Under blue skies and a cool breeze, many military veterans and relatives shared stories of the departed.
State Sen. Dan Gibbs spoke of the joint resolution passed in May to name Highway 91 from Copper to Leadville “Fallen Heroes Highway.”
The resolution honors Nicklas Palmer of Leadville, who was killed by a sniper bullet in Iraq in 2006. He was 19 years old.
Numerous people stood through the ceremony, for all seats were taken. The Summit Concert Band played moving, patriotic music between speeches and local Boy Scouts of America presented a flag ceremony.
World War II veteran fighter pilot Stuart “Boot” Gordon took the stage, telling the crowd that he receives more outspoken gratitude from people now than when he returned from war in April 1946.
He suggested a simple way for people to thank veterans: “Every morning waking up and being thankful for this beautiful life and beautiful country.”
Gibbs, who spoke before the mic was opened to contributions, also spoke of legislation approved in the most recent session to provide free hunting licenses to wounded warriors. He said “we really need to work better at improving programs” for veterans.
Gibbs said he was working in Washington, D.C. on Sept. 11, and it began a lovely, clear day similar to Monday’s weather.
“I’ll never, ever forget looking in the distance and seeing smoke coming out of the Pentagon,” he said, adding that the event “had a profound impact on my life.”
Local veterans including Krystal 93 news director and Navy veteran Roman Moore read the names of fallen soldiers from Colorado.
Soldiers named included those buried in Dillon Cemetery – dating back to World War I – as well as recent deaths of soldiers across the state involved with the Iraq and Afghanistan conflicts.

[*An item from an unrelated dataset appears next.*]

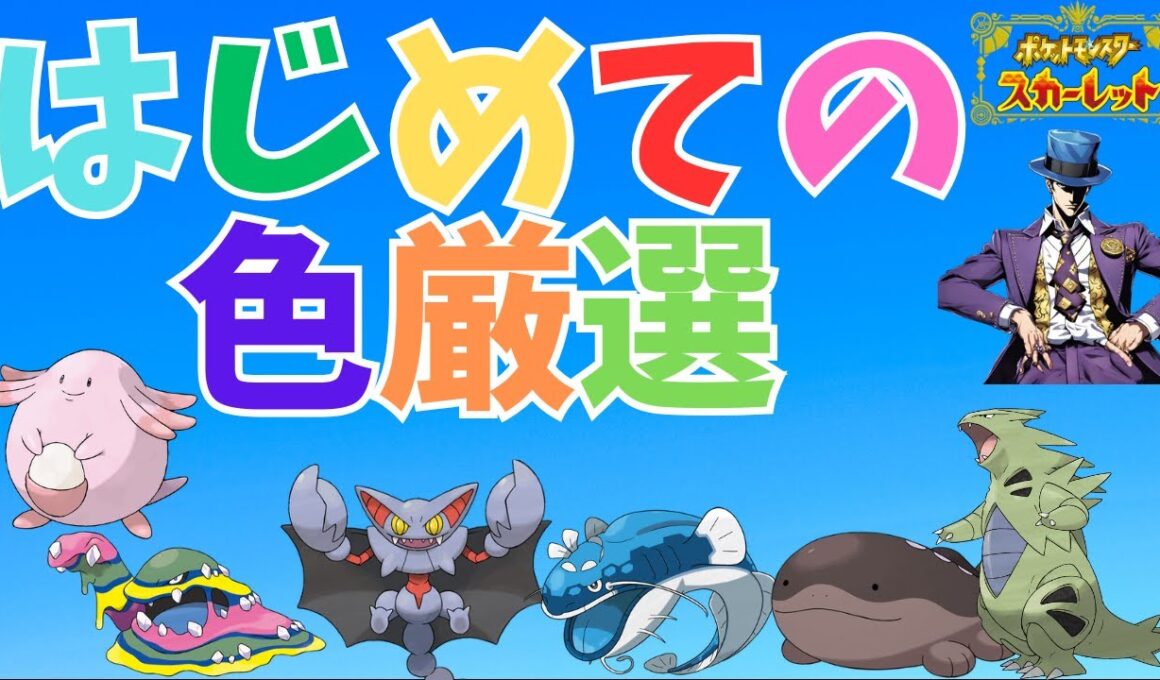 【雑談】はじめての色違い厳選をする紳士【ランクマ】【ポケモンSV】【ポケットモンスター スカーレット・バイオレット】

Pen Wimbush, the opening speaker, said the cemetery committee continues to work on putting tombstones on unmarked graves. Of 135 tombstones that need to be marked, donations have made 35 possible.
The cemetery was started in 1885 in an area that today is underwater. It was moved to its existing site in 1962 to make way for Dillon Reservoir. Some 41 documented graves belong to U.S. veterans.
Dillon Mayor Ron Holland spoke, encouraging the attendees to visit Dillon Amphitheater on July 2 for a concert by the Air Force Academy Band.
A veteran visiting from Texas stood and shared with the crowd that it was one of the finest Memorial Day celebrations he’d seen.